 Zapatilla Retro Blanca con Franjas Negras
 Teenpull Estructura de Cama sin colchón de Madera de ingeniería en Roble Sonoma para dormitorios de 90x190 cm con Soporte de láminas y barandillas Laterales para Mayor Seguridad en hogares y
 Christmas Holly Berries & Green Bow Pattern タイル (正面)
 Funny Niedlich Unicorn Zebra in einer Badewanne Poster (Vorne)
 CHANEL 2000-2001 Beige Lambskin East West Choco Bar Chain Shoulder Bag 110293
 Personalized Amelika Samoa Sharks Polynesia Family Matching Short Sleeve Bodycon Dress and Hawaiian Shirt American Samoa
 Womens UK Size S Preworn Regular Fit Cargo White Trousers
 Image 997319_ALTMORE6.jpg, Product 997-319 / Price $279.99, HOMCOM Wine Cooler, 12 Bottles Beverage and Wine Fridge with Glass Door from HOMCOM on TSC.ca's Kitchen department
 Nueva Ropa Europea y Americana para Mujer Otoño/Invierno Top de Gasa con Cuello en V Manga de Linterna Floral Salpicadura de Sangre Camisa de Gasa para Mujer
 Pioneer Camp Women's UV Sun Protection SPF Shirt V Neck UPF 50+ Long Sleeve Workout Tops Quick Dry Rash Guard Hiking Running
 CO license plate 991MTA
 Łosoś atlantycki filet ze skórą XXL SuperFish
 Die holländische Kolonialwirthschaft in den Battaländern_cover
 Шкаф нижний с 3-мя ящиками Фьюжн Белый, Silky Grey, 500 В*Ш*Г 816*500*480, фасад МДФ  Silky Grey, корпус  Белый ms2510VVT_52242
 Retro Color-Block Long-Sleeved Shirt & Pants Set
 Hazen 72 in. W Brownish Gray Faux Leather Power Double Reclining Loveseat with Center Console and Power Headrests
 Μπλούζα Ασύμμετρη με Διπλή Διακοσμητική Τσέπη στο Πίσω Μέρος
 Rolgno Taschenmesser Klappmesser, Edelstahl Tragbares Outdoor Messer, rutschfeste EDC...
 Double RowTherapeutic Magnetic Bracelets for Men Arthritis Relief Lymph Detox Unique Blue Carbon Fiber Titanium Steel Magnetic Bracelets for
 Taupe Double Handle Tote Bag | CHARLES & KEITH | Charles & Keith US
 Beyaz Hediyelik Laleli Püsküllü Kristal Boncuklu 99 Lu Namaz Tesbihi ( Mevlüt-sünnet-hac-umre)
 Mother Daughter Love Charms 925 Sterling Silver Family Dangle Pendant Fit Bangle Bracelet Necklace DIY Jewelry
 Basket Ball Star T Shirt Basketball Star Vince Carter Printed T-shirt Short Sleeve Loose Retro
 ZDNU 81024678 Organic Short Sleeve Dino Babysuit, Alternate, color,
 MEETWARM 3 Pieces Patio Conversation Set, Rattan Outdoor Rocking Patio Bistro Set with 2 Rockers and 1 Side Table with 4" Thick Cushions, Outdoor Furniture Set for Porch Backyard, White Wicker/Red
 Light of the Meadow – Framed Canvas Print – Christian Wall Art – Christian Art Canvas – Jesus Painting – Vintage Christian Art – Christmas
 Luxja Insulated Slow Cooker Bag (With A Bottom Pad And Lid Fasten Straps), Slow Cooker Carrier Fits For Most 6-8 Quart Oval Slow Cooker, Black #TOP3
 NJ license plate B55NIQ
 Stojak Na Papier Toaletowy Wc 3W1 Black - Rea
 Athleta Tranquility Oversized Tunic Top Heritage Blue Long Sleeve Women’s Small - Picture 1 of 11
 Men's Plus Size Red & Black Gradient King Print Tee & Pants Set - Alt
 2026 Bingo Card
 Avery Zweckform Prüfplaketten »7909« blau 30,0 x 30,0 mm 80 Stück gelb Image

■ **TO DO**
In the records above, find every line containing the word "Blue" and show it.

■ **TASK OUTPUT**
 Double RowTherapeutic Magnetic Bracelets for Men Arthritis Relief Lymph Detox Unique Blue Carbon Fiber Titanium Steel Magnetic Bracelets for
 Athleta Tranquility Oversized Tunic Top Heritage Blue Long Sleeve Women’s Small - Picture 1 of 11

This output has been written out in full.